- _WORK REQUIRED_:
Could you give again exactly, and only, the lines from the one holding "After double-clicking on" through the end of the data, both ends included, with pictures left out?

*** RECORDS FOR THE TASK Section Begins ***

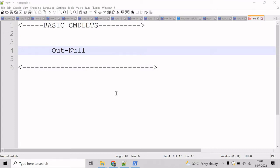Now, let's talk about the Out-Null cmdlet. The Out-Null cmdlet sends its output to null, in effect, removing it from the pipeline and preventing the output from being displayed at the screen.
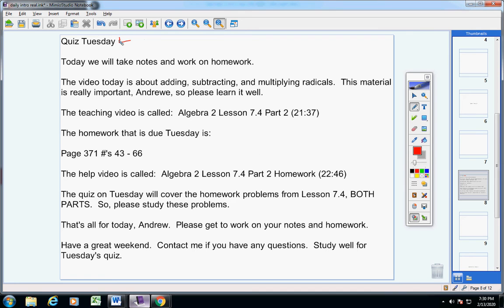Today we're going to take notes and work on homework. The video today that you're going to watch is about adding, subtracting, and multiplying radicals. This material is really important, so please learn it well.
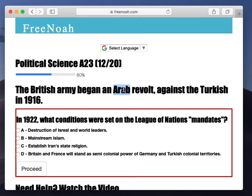Turkey would ally with Germany because during World War I, around this point in time — 1916 — it was Britain, France, the United States, and Russia versus Germany, Turkey, and other countries. So this is the main reason why the Turkish allied with Germany.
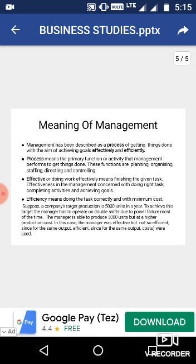Three words are stressed here: process, effective, and efficient. What is process? Process means a detailed activity. Management is a process means it is an activity which is to be done in detail — lots of activities are to be performed one by one.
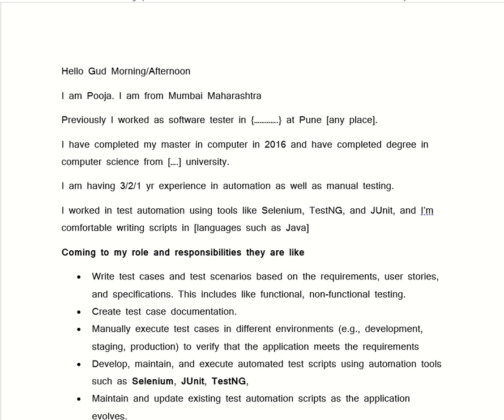Hello everyone, welcome to this channel. In this video we will discuss the interview question and its answer for the role of the automation tester. So let's begin. In the interview, one of the most common questions is 'introduce yourself.'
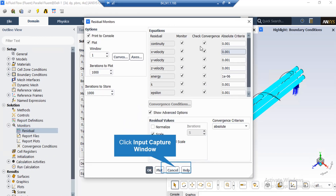After double-clicking on the Residuals button, a new window will appear. You can see the absolute criteria for equations like continuity, x-velocity, y-velocity, and so on. When the software runs the simulation, there will be an error between each iteration. If that error is less than the defined criterion, it means that equation has reached convergence.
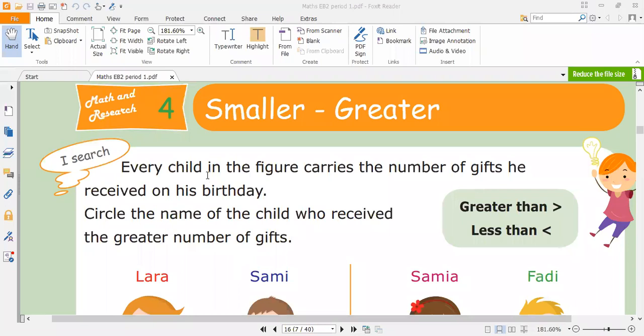Good morning, my students. Today we will start a new chapter. Open your books, page 16, chapter 4: Smaller, Greater.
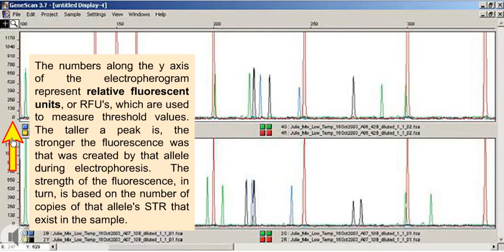The taller a peak is, the stronger the fluorescence was that was created by that allele during electrophoresis. The strength of the fluorescence, in turn, is based on the number of copies of that allele's STR that exist in the sample.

*** RECORDS FOR THE TASK Section Ends ***

- _REPLY_:
After double-clicking on the Residuals button, a new window will appear. You can see the absolute criteria for equations like continuity, x-velocity, y-velocity, and so on. When the software runs the simulation, there will be an error between each iteration. If that error is less than the defined criterion, it means that equation has reached convergence.
Good morning, my students. Today we will start a new chapter. Open your books, page 16, chapter 4: Smaller, Greater.
The taller a peak is, the stronger the fluorescence was that was created by that allele during electrophoresis. The strength of the fluorescence, in turn, is based on the number of copies of that allele's STR that exist in the sample.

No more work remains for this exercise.